Folha - Por que a qualidade da imprensa caiu nos EUA?

Talese -
Os jornalistas hoje têm muito mais estudo. Sua educação é melhor, freqüentam melhores faculdades. Isso os fez ficar mais parecidos com as pessoas que estão no poder. Quando eu era jovem era diferente. Eu sou de família italiana, Halberstein é judeu, Salisbury é do meio-oeste.

Todas as pessoas com as quais eu trabalhei quando comecei no "New York Times" eram das camadas mais baixas. Seus pais, na maioria dos casos, não estudaram em faculdades. Nós não viemos das escolas de elite, éramos "outsiders", víamos o mundo com ceticismo. Hoje, quem cobre o poder estudou em Yale, Princeton, Harvard, Stanford. Seus pais são advogados, suas mães são líderes de empresas. Socialmente, o jornalismo está num nível mais alto. Veja o exemplo de Herbert L. Mathews. Ele foi acusado de ser usado por Fidel quando foi a Cuba. Foi considerado um comunista, mas não era. Mas tinha uma atitude independente. E foi vilificado, assim como Salisbury e Halberstein.

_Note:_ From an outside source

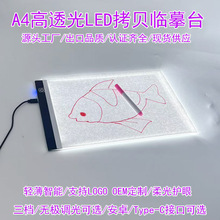 ����a4a3��̨ؐLED�Rġ�L�������͸���l�������؈D���ߏS��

Não vejo ninguém assim hoje em dia, talvez Seymour M. Hersh, da [revista] "New Yorker".

Folha - O sr. ainda se considera um "outsider"?

Talese -
Sim. Eu jamais seria um "embutido". Não posso culpar os jornalistas que o fizeram, eles foram enviados para uma missão. Os donos dos jornais e editores tomaram a decisão de permitir que os repórteres viajassem nos tanques e escrever sobre a chamada "vitória militar". E eles continuam usando a palavra "vitória". Eles também seqüestraram a palavra. Recentemente eu contei 44 vezes a palavra vitória em um discurso de Bush. Continuam martelando.